20130306

and little accomplishments

must have haircut since signing of school clearance requires semi-military-head-form hairstyle for males. goodbye, shield of my flailing lack of self-esteem.
today i felt great (and until now, actually) because i am already done with all the school projects, except one, which would really take long for anyone to finish. i see my classmates still working and rushing over their school work and in my mind i am like: "that's what you get for procrastinating. hah. look at me. i am FREE". maybe this is what they call Schadenfreude? uh.  i am just very glad i am done with it. (damn i should treat myself to a sundae or something!) 
the father of one of my friends. him and her are both the type of persons likely to be described in a Haruki Murakami novel.
this day began with the miserable accident of having pulled off the side zippers of my father's rescuer boots recklessly (the whole small zipper handle was REMOVED! now you can't pull it up!) which i have had the pleasures of using for a good lot of time now. i am devastated not particularly because it can not be used anymore but because i know my father will massacre my eardrums one more time and proceed with a blasphemous speech of how i am a demon sent to make Earth suffer once he learns of what happened. i must lie now and say i never knew it is broken and it was okay last time i used it. which, now that i think of it, is not effective, since it will only prove how careless i am in terms of any specific bodily movement; that characteristic of Shin the whole family despises most. this is totally worrying me and i have to find a way to put the blame on somebody else. same way my father does with his mistakes.

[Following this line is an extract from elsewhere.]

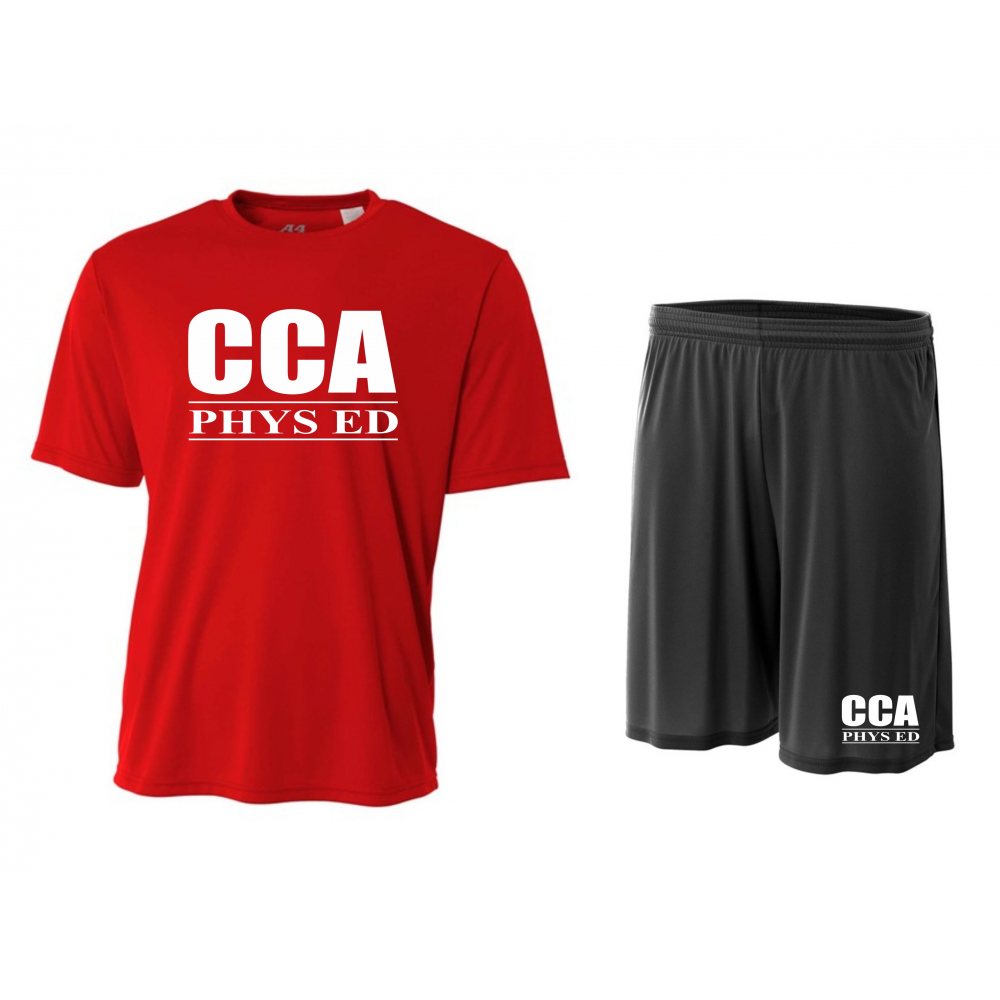 Community Christian PE Uniforms MOCKUP 1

at school, we barely had nothing to do since the teachers hypothetically considered yesterday as our final day already and sure enough they had food in the faculty office. wait, what do teachers eat anyways? surely their cult of pedagogical violence involves mastication of human fetus and spaghetti made of brains of students whose cardiac arrests were cause by their brutally sarcastic exams.
oh you special special person~ <3
we had an exam in Special Topic Course (the subject in which each one of us had a turn to hold a seminar with our topic of choice)  and i just can not believe how stupid my friend's answer was in the question "what are 10 signs of being gay?" some of her responses were: -rich, -wise -artistic. i have no idea what she had in mind when writing that. in fact i have no idea if she had a mind at all in the first place.
and then submission of the myths our class had fabricated for Mythology class. we are already done with it since yesterday because i am an earnest writer (kidding.) and have finished it quickly. my two groupmates are lucky because all they had to do was type and print it and then relax like some basic bitches. the three of us just watched how panicked everybody else is with their prose and were like: "*yaaawn* this is getting boring."

as i am writing this, i am also Photoshop-cleaning some drawings (which are appearing in this entry) i did today. i am also totally digging the playlist Charlie did for Patrick in the book The Perks of Being a Wallflower. it's called One Winter and i absolutely love all songs in it except Scarborough Fair. sorry, Simon & Garfunkel.
so jealous of couples who love and lust each other equally
Miss Del Rey, will you serve me a lemonade
on the way home i was listening to this and unintentionally imagined my death and funeral and i was "assuming" she would cry. i ended up teary-eyed too. how abnormal.